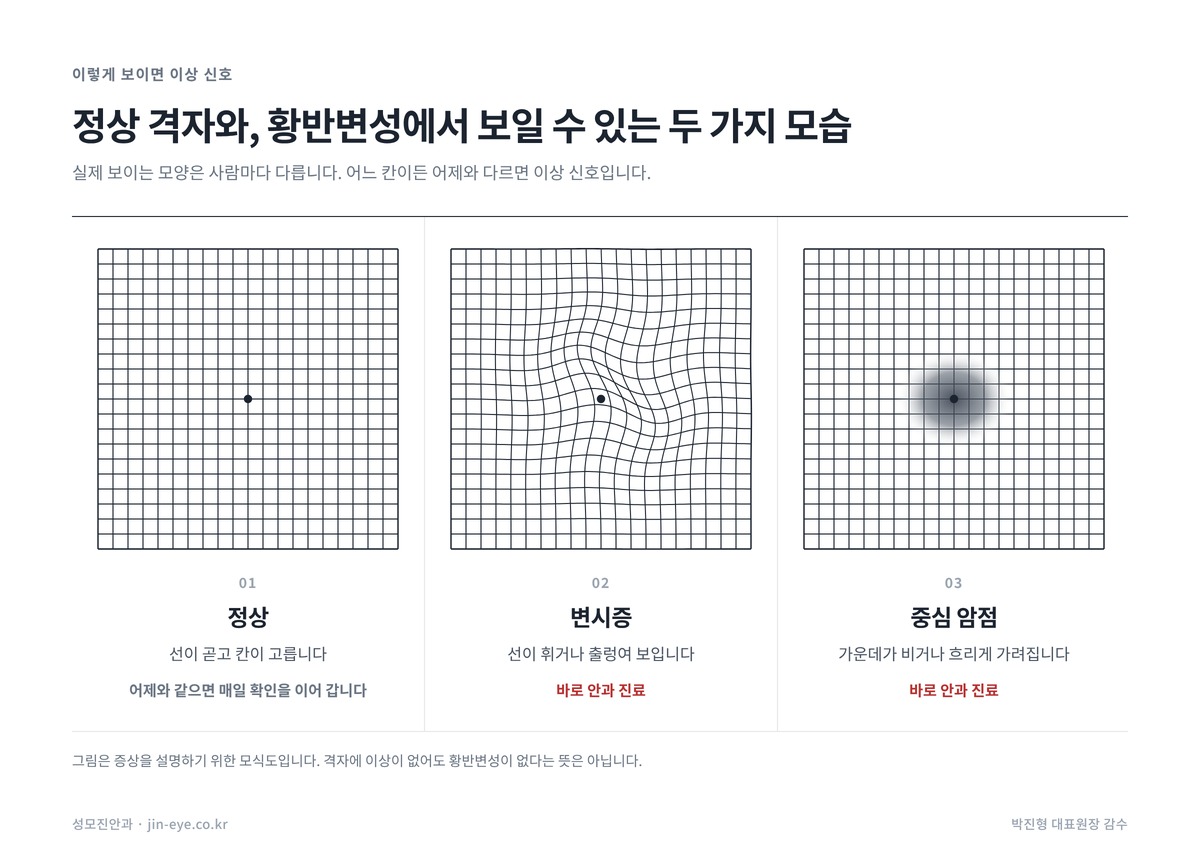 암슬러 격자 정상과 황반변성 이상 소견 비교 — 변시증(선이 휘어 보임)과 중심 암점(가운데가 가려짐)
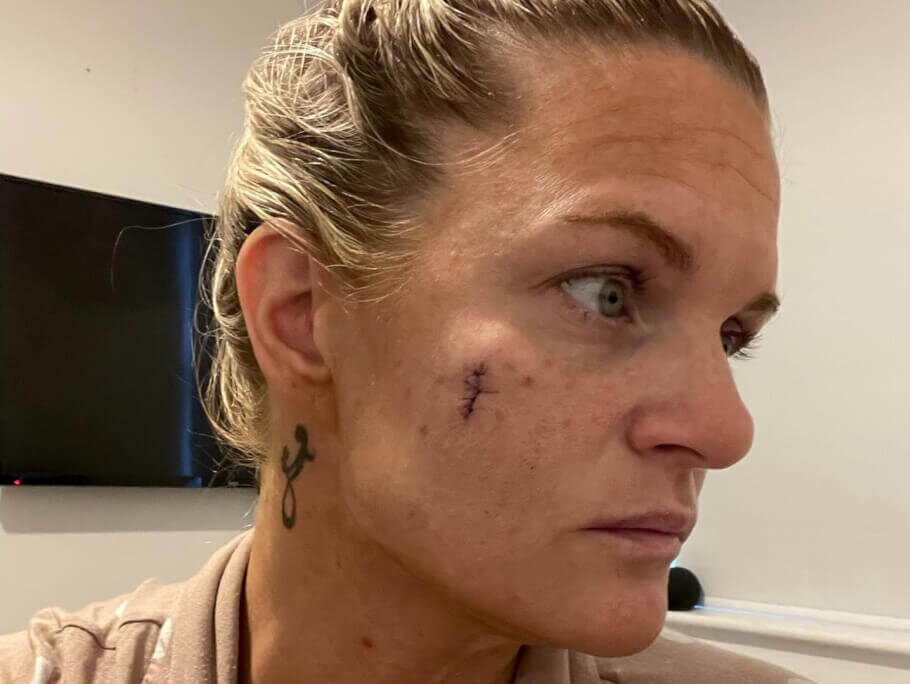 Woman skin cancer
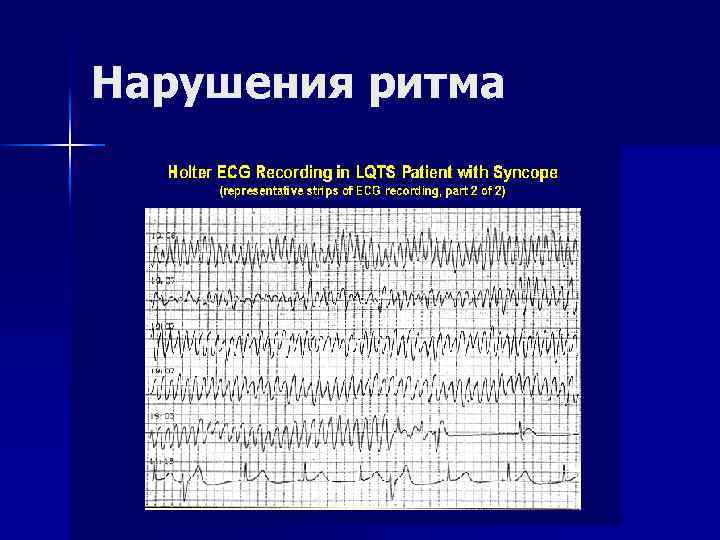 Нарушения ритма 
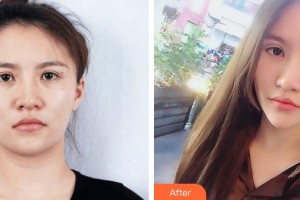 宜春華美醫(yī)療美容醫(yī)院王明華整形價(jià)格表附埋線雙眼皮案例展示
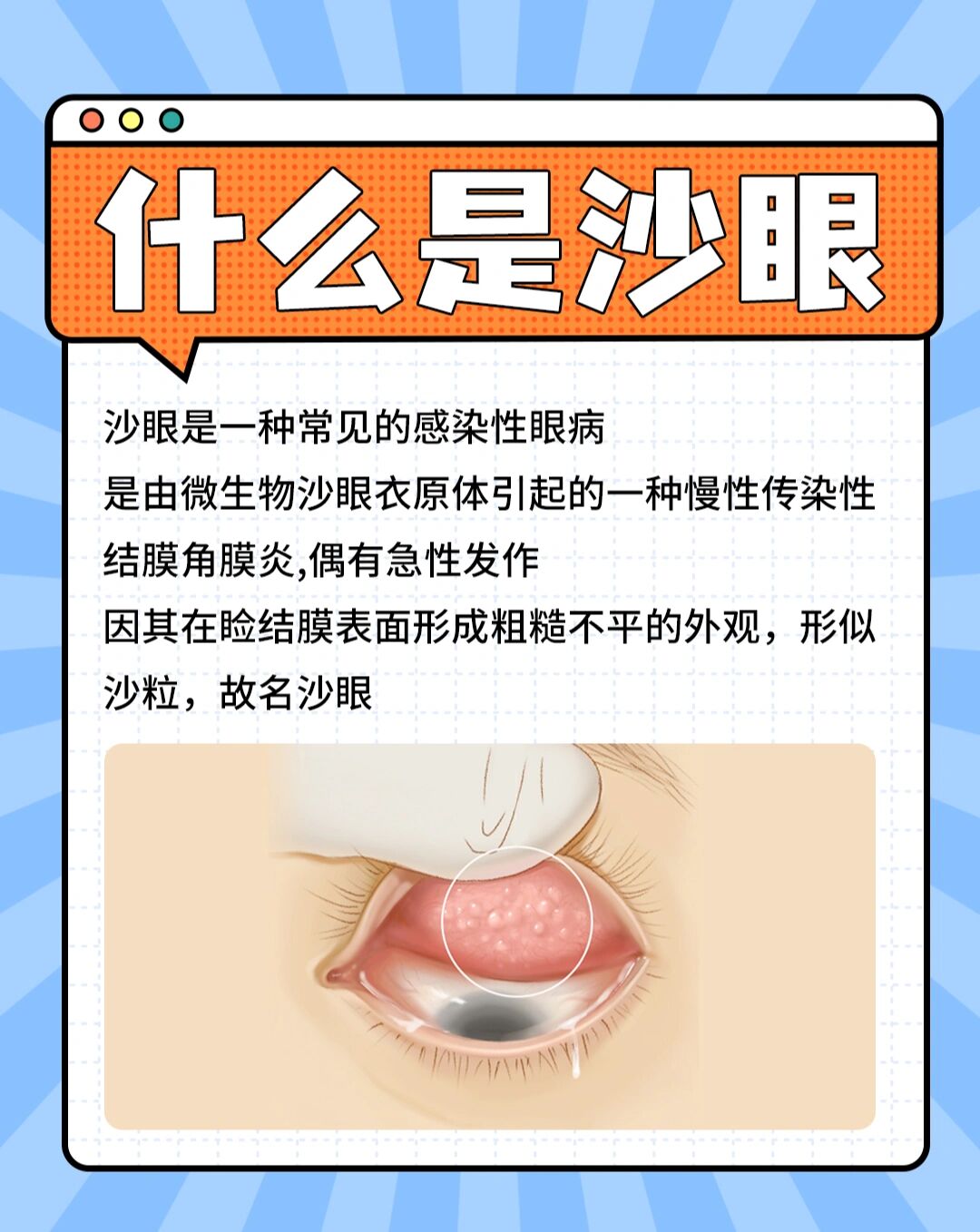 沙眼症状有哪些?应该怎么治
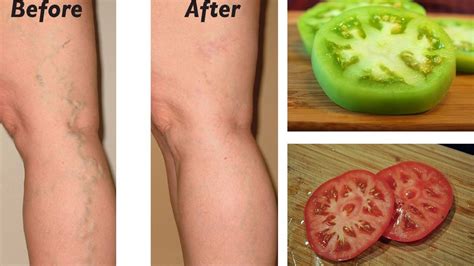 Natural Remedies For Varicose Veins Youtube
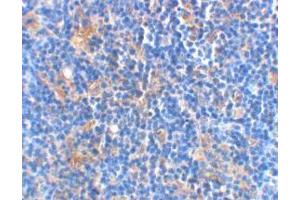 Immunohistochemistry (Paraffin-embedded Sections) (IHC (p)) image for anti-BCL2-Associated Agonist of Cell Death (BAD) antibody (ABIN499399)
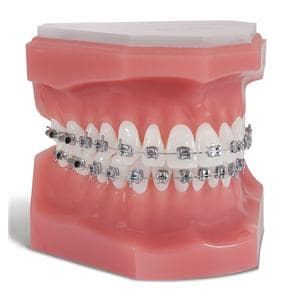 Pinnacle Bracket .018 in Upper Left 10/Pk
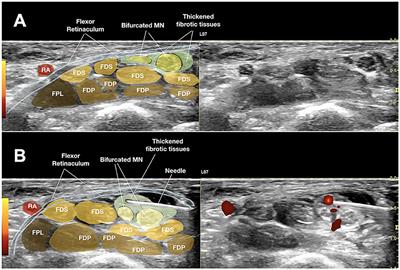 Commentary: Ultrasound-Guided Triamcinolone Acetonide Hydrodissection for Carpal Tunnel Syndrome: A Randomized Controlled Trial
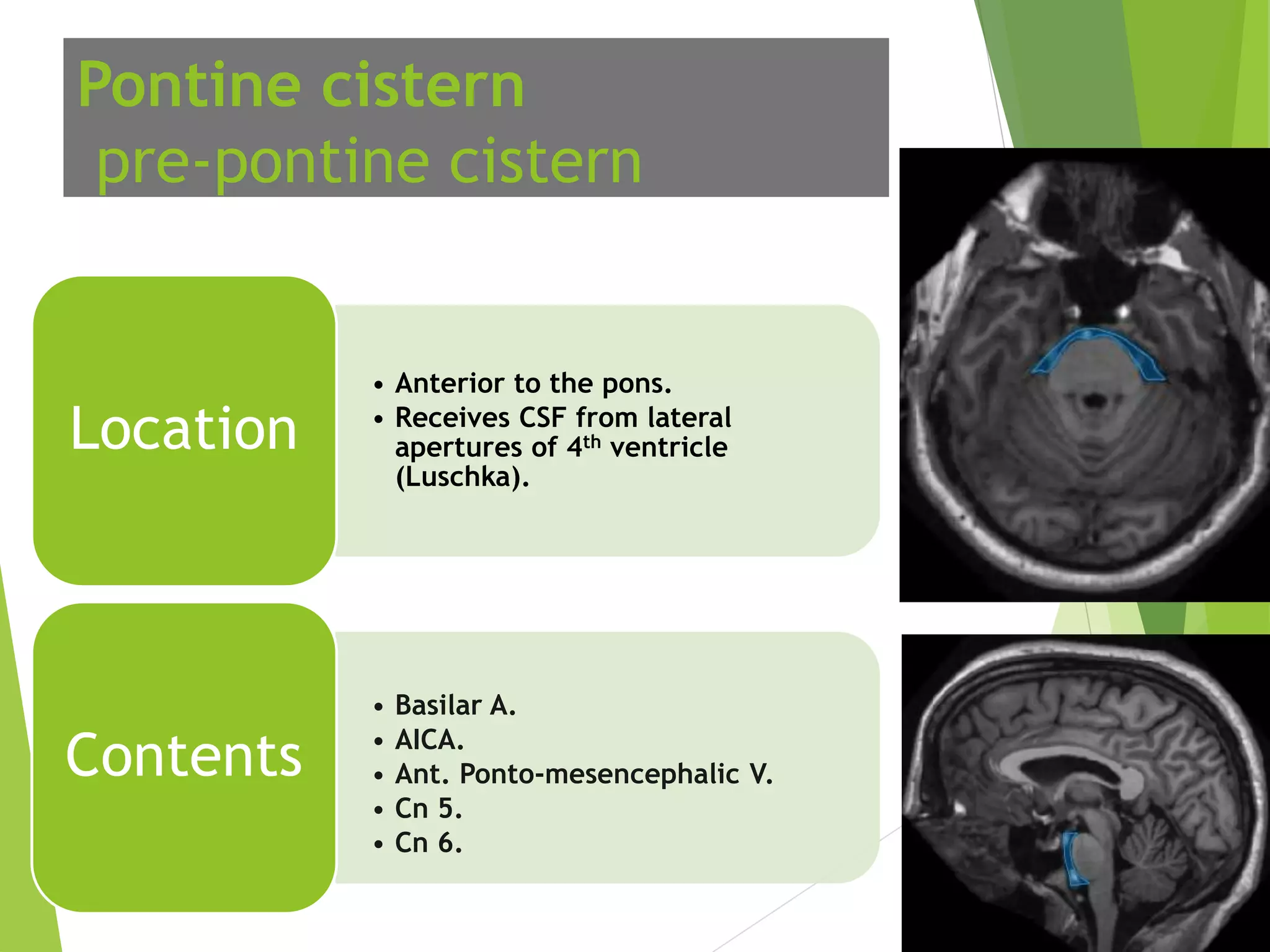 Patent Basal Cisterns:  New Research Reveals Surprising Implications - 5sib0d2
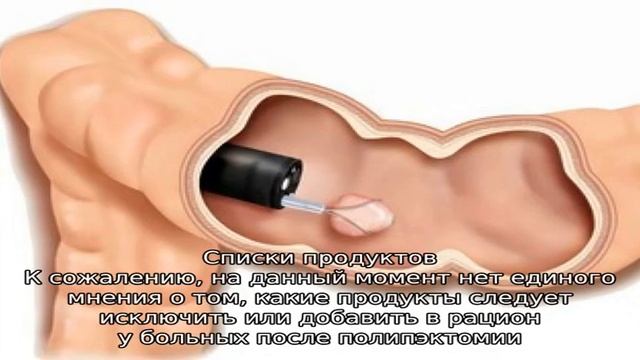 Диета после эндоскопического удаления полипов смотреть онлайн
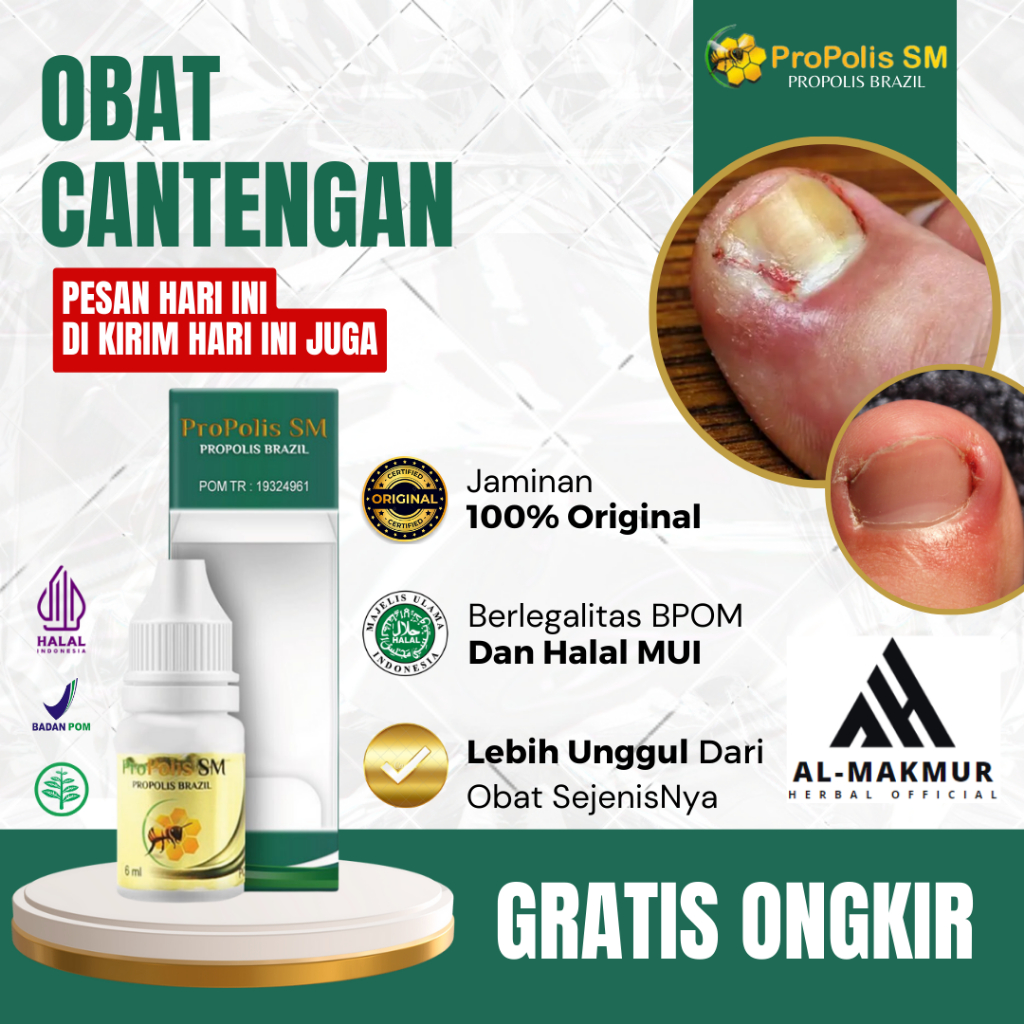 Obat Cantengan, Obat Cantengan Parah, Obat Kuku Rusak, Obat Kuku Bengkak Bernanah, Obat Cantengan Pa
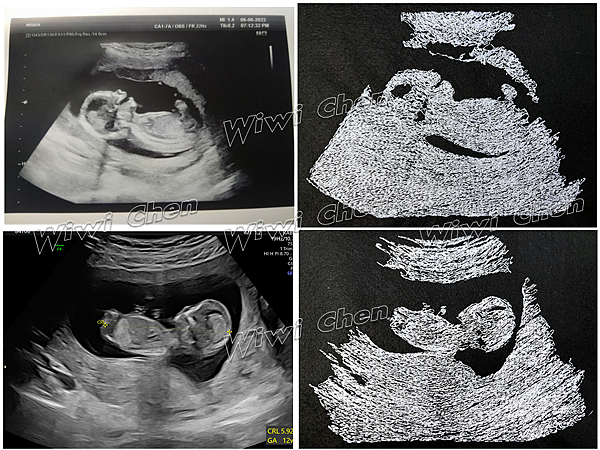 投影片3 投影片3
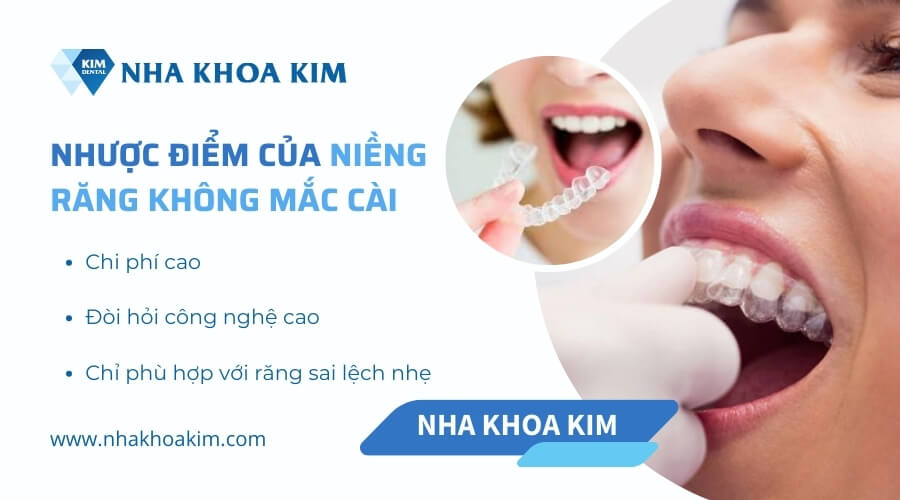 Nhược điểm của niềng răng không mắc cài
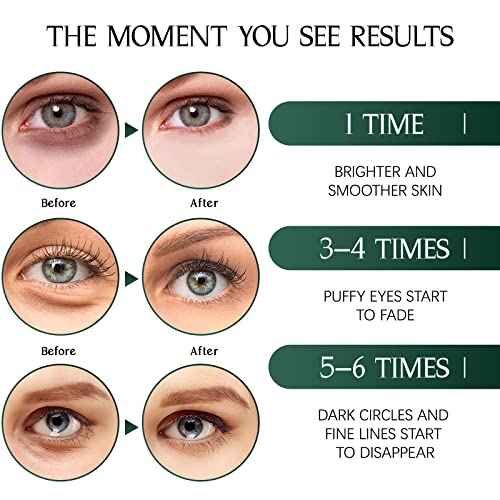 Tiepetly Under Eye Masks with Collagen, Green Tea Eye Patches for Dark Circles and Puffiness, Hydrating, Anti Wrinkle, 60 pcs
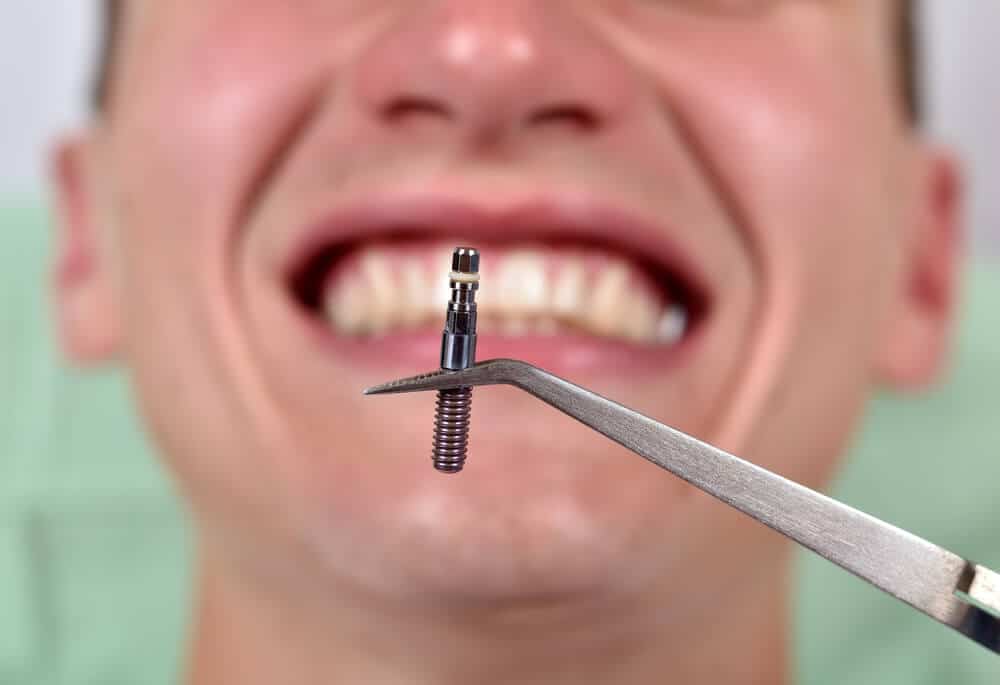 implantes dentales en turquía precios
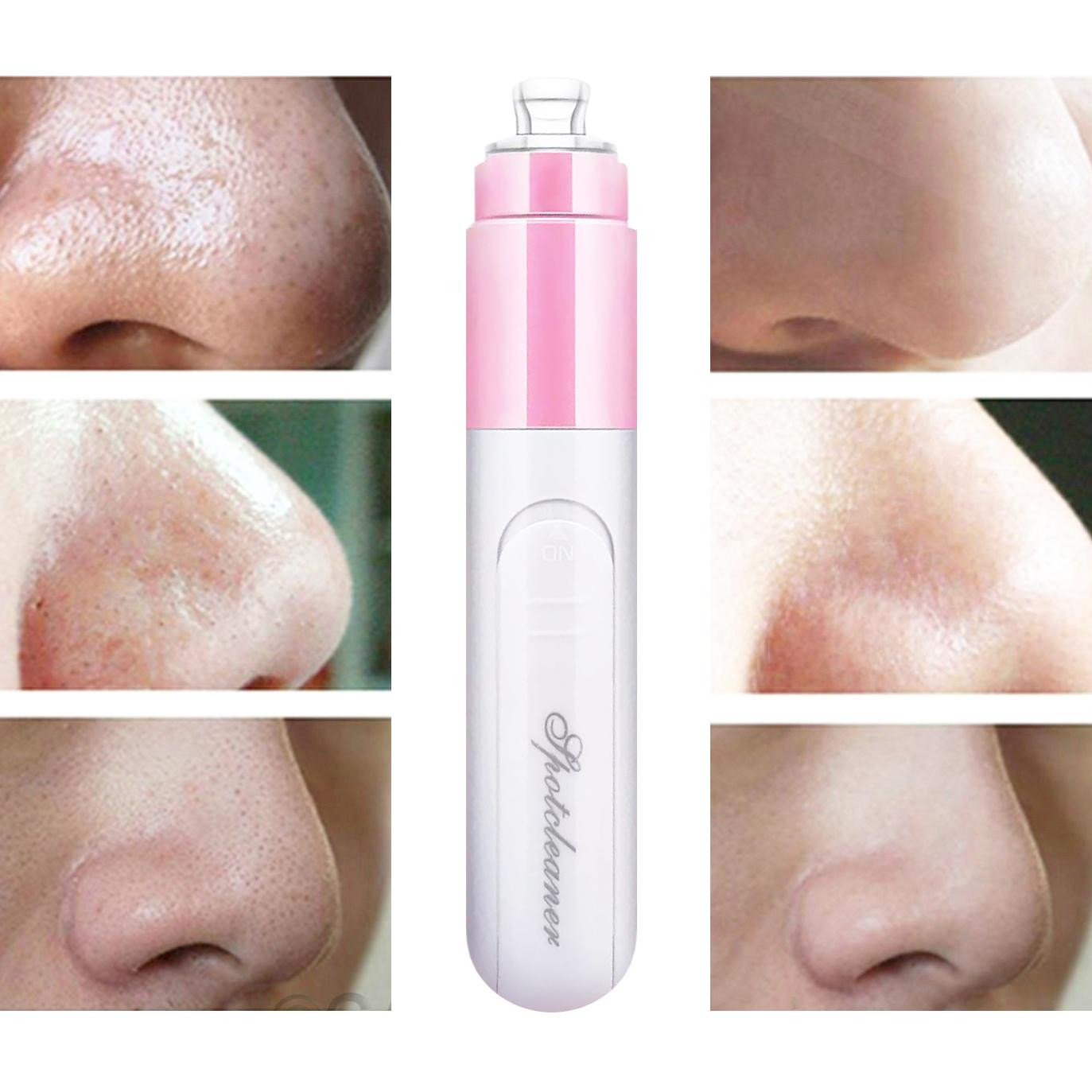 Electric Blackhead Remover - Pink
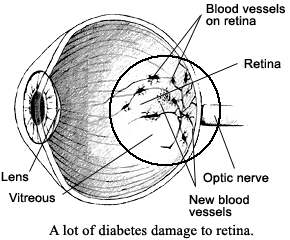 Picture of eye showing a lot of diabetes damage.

=== Exercise instructions ===
Output the data exactly as it is, with the pictures dropped.

=== Answer section ===
 암슬러 격자 정상과 황반변성 이상 소견 비교 — 변시증(선이 휘어 보임)과 중심 암점(가운데가 가려짐)
 Woman skin cancer
 Нарушения ритма 
 宜春華美醫(yī)療美容醫(yī)院王明華整形價(jià)格表附埋線雙眼皮案例展示
 沙眼症状有哪些?应该怎么治
 Natural Remedies For Varicose Veins Youtube
 Immunohistochemistry (Paraffin-embedded Sections) (IHC (p)) image for anti-BCL2-Associated Agonist of Cell Death (BAD) antibody (ABIN499399)
 Pinnacle Bracket .018 in Upper Left 10/Pk
 Commentary: Ultrasound-Guided Triamcinolone Acetonide Hydrodissection for Carpal Tunnel Syndrome: A Randomized Controlled Trial
 Patent Basal Cisterns:  New Research Reveals Surprising Implications - 5sib0d2
 Диета после эндоскопического удаления полипов смотреть онлайн
 Obat Cantengan, Obat Cantengan Parah, Obat Kuku Rusak, Obat Kuku Bengkak Bernanah, Obat Cantengan Pa
 投影片3 投影片3
 Nhược điểm của niềng răng không mắc cài
 Tiepetly Under Eye Masks with Collagen, Green Tea Eye Patches for Dark Circles and Puffiness, Hydrating, Anti Wrinkle, 60 pcs
 implantes dentales en turquía precios
 Electric Blackhead Remover - Pink
 Picture of eye showing a lot of diabetes damage.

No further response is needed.